I have always been sceptical of the peak-oil hypothesis. But that does not mean we should not consider how to transition to a post-carbon world only when the oil runs out.

David Hughes, a Fellow at the Post-Carbon Institute, is currently making the rounds on the lecture circuit with a presentation dubbed The Talk about the end of the fossil fuel age. The Walrus has an interesting article about it.

Ninety percent of all the oil humanity has ever burned has turned to ash and greenhouse gases since 1959 — half since 1986. Ninety percent of all the natural gas ever burned set aflame since 1964. Half of humanity’s cumulative coal tally up in smoke since 1972. 

Significantly, Hughes’s focus is not on the bogeyman of climate change, but on how to ensure sustainable energy supplies long into the future.

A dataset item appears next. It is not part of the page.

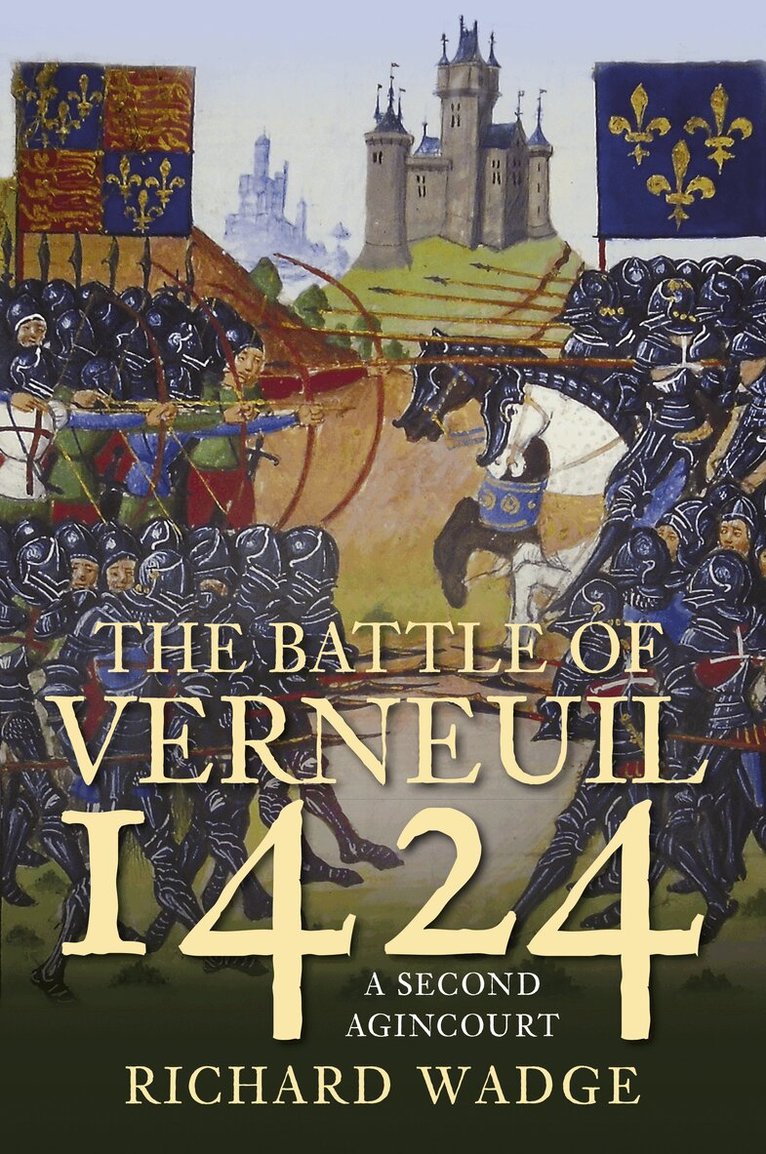 Richard Wadge - Battle of Verneuil 1424, Häftad. Tillgänglighet: Lägg i varukorg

Climate change is in the minds of the public and the rhetoric of the politicians. The energy sustainability dilemma is much less understood, although it’s highly likely to have more immediate and severe impacts on our current lifestyle than climate change. Which we will likely have to live with for centuries, because of the feedback loops that are already activated. Fortunately, many but not all solutions proposed for climate change also address energy sustainability. The number one priority is energy conservation and much greater efficiency. And there are many opportunities for doing this. Followed by technologies and lifestyle changes to reduce the dependence on non-renewable fuel sources. A sustainable energy future is not out of reach but will be hugely challenging. We have to be thinking on a ten- to twenty-year or longer time frame. To develop the infrastructure for alternatives as well as technologies and incentives to reduce consumption.

The energy we derive from hydrocarbons will be hard to replace. Although it might have worked for the ancient Egyptians, we definitely don’t want to go back to providing the energy ourselves. 

As he drives, Dave indulges in a little academic exercise. He’s comfortable with numbers, quick with calculations. A barrel of oil, he tells you, contains about six gigajoules of energy. That’s six billion joules. Put your average healthy Albertan on a treadmill and wire it to a generator, and in an hour the guy could produce about 100 watts of energy. That’s 360,000 joules. Pay the guy the provincial minimum wage, give him breaks and weekends and statutory holidays off, and it would take 8.6 years for him to produce one barrel of oil equivalent (boe, the standard unit of measure in hydrocarbon circles). And you’d owe him $138,363 in wages. That, Dave tells you, is what a barrel of oil is worth.